Employers Mutual Insurance v. Board of County Commissioners

On Petition for Rehearing. In its petition for rehearing the county voices for the first time the contention that the plaintiff in error mistook its remedy and that the only proper court action would be mandamus. The dissenting opinion of Mr. Justice Hilliard, now being filed, adopts the contention, as well as the citation of the following cases said to support the position: (1) Board of Com'rs v. Sims, 31 Colo. 483,74 P. 457; (2) 1 Forbes v. Board of Com'rs,23 Colo. 344, 47 P. 388; (3) Board of Com'rs v. People,16 Colo. App. 215, 64 P. 675; (4) Denver v. Bottom,44 Colo. 308, 98 P. 13. The dissenting opinion adds to these the following cases, not cited by plaintiff in error: *Page 185

(5) Berkey v. Board of Com'rs, 48 Colo. 104,110 P. 197; (6) Rio Grande Co. v. Orchard District, 64 Colo. 334,171 P. 367; (7) Henrylyn Irr. Dist. v. Thomas,64 Colo. 413, 173 P. 541.

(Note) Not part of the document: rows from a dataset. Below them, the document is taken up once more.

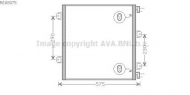 Конденсатор AVA QUALITY COOLING REA5075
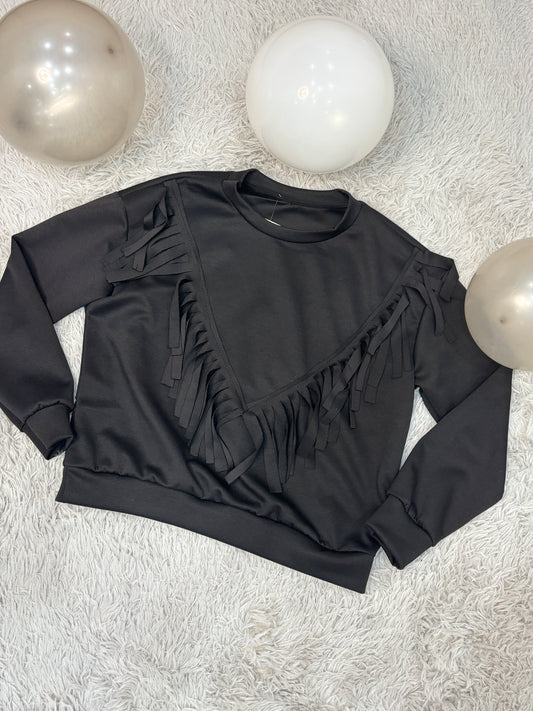 Maglia frange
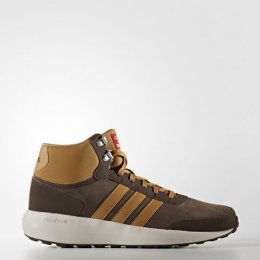 adidas Cloudfoam Race Winter Mid Shoes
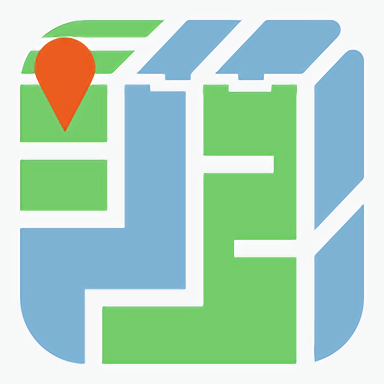 朗歌地图官方版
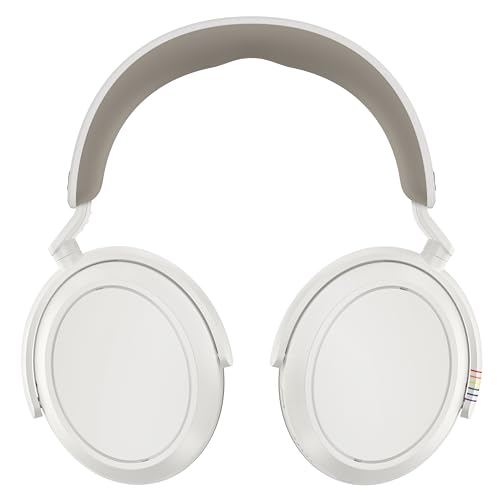 Sennheiser Momentum 4 Wireless Headphones - Pride Edition - Image 3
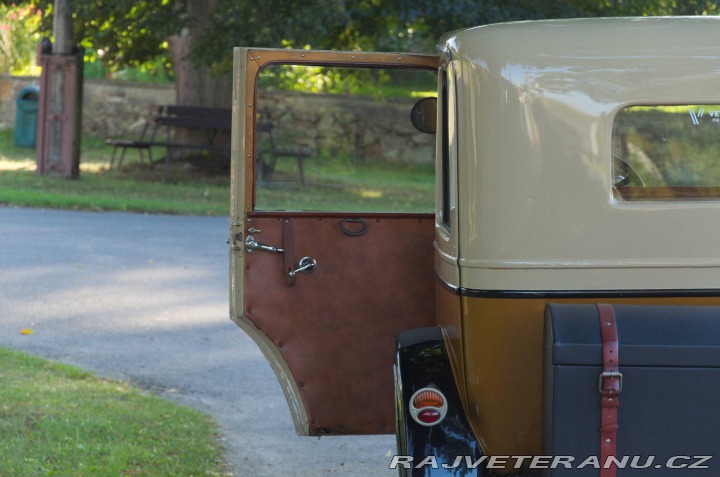 Fiat 520 1928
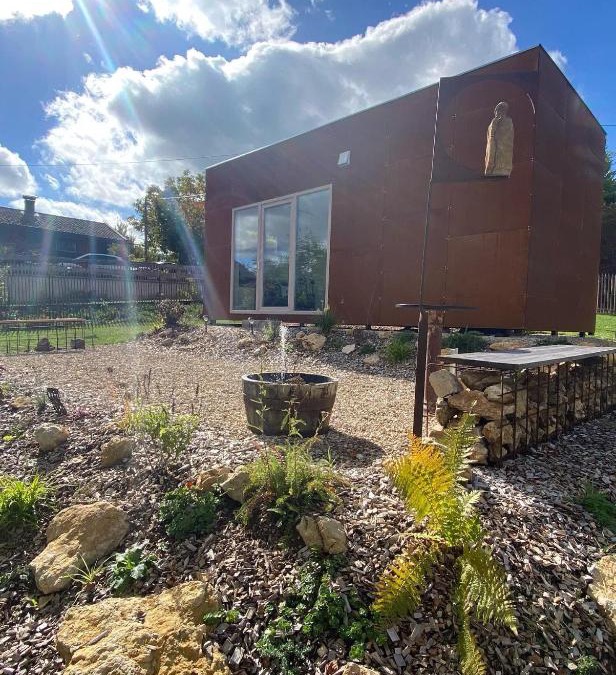 Hundshaupten House | Tiny House 47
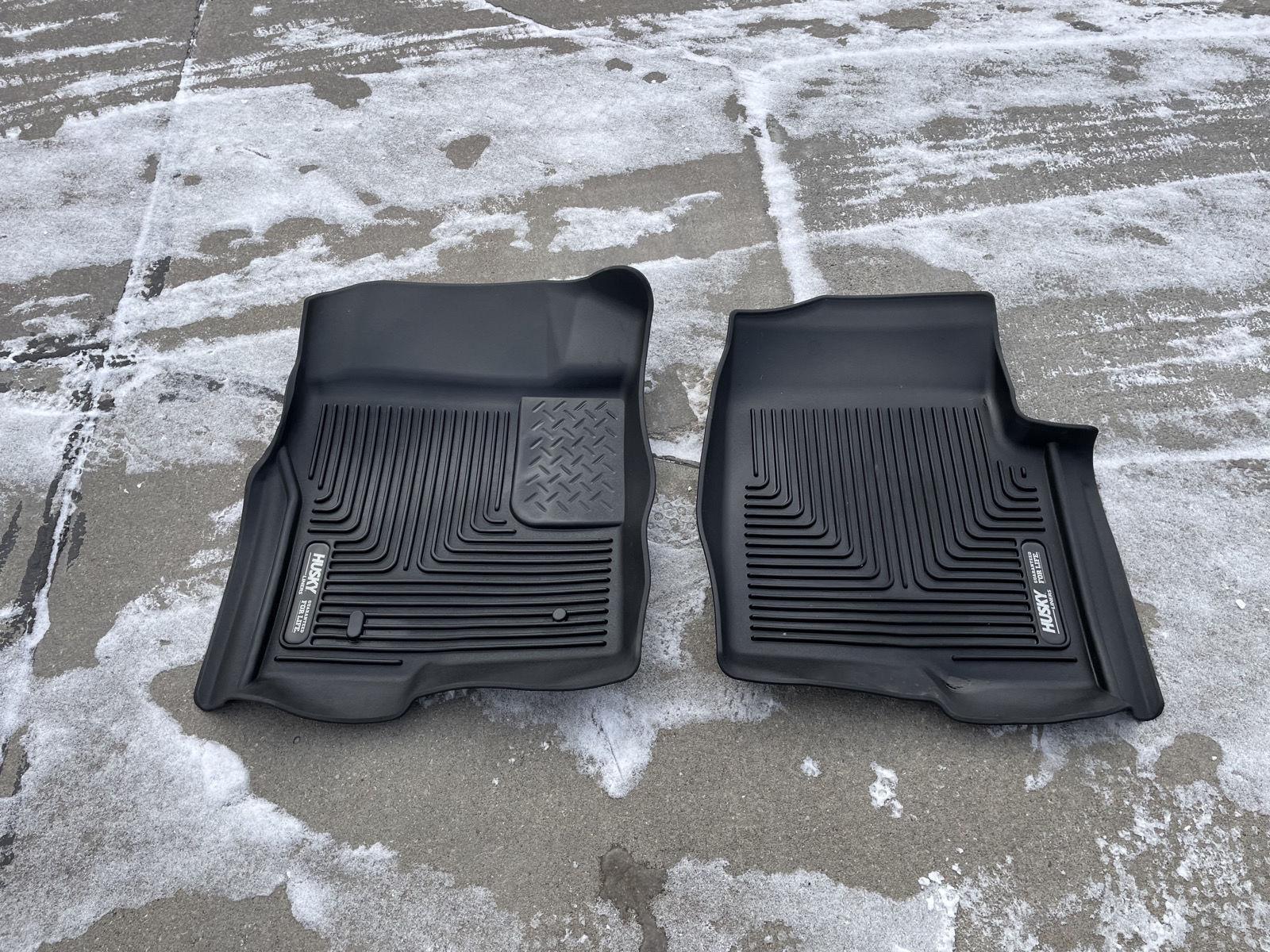 Used 2020 Ford F-150 for sale in Lincoln NE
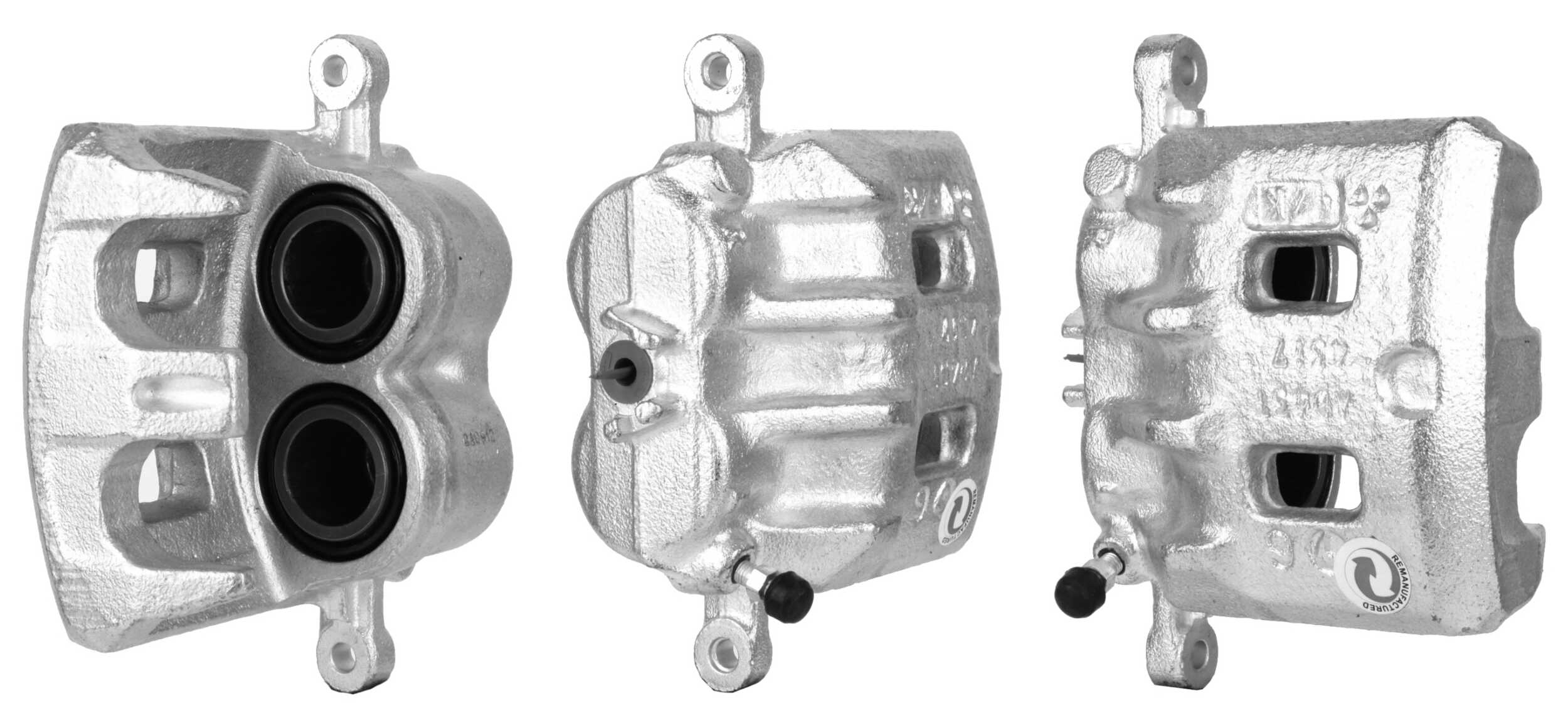 Remzadel/remklauw DRI 3121410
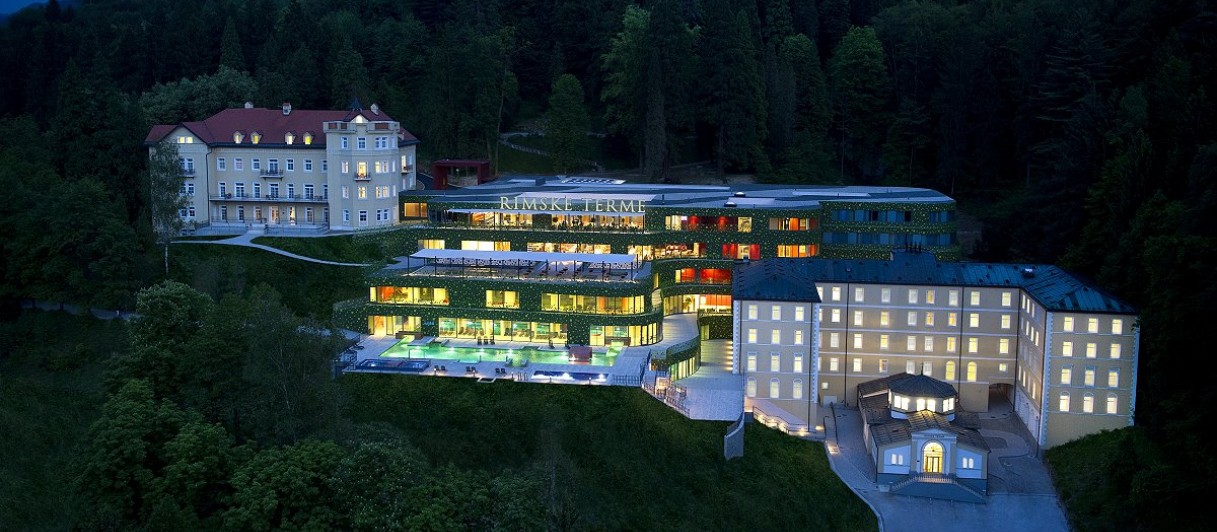 Rimske Terme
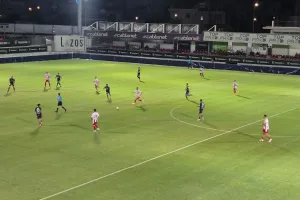 (LIVE) Νέα Σαλαμίνα 1-1 Ανόρθωση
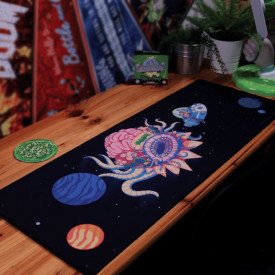 Společenské hry - hračky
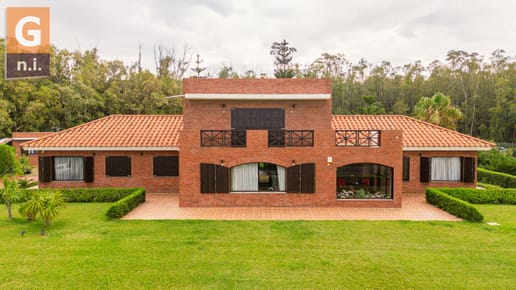 Casa en Piriápolis (Bella Vista) Ref. 5747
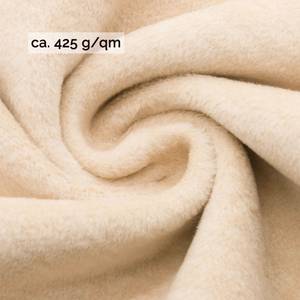 Kuscheldecke 00000002 Beige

[5, 6] The above cases, in so far as they are relevant, recognize an exception — and seem to approve a money demand action — where public securities are payable out of a certain fund, as here, but where, after the fund has been duly provided, there has been a diversion thereof. This is the present case. The proceeds of the tax duly levied and collected were diverted by the county treasurer as legal custodian thereof by sending the money to the Kountze Brothers bank in New York City without any request from the plaintiff in error to do so, as already stated in our original opinion, resulting in the loss of those proceeds by the insolvency and bankruptcy of that bank. It is self-evident from a reading of the statute that, having once levied and collected a tax sufficient to pay the securities involved herein, the county had exhausted its power and could not be mandamused to levy and collect another tax, since there is no longer a "clear legal duty" to do so. Gunter v. Walpole,65 Colo. 234, 176 P. 290. Nor could the county treasurer be mandamused, for by voluntarily sending the specific funds to a failing bank in New York he has diverted the funds which it was once his clear legal duty to pay out, but which he can no longer either willingly or unwillingly pay out and which in fact he has refused to pay because those funds were lost as aforesaid in the New York bankruptcy.

[7-10] But there are three even stronger reasons for not changing our decision, namely: First, the point was neither raised in the trial court nor assigned as error in this court, the only cross-errors assigned by the county being as to the court's permitting the complaint to be amended; second, the case was prosecuted and defended on an entirely different theory from the one now attempted to be raised by petition for rehearing, and the *Page 186 county is bound by its trial-court theory; third, even if we should concede — as we cannot — that the cited cases support the reasoning of the dissenting opinion, the truth is that those cases were decided before the Uniform Declaratory Judgments Act (S. L. '23, c. 98, pp. 268-271; '35 C. S. A., vol. 3, c. 93, §§ 78-92) became the law of this state, since which time this court is permitted to declare and adjudge rights and liabilities under a given state of facts irrespective of whether we directly supply remedies to enforce them. In our original opinion we have not undertaken to dictate the manner in which the judgment shall be satisfied. That particular subject matter is not before the court at his time.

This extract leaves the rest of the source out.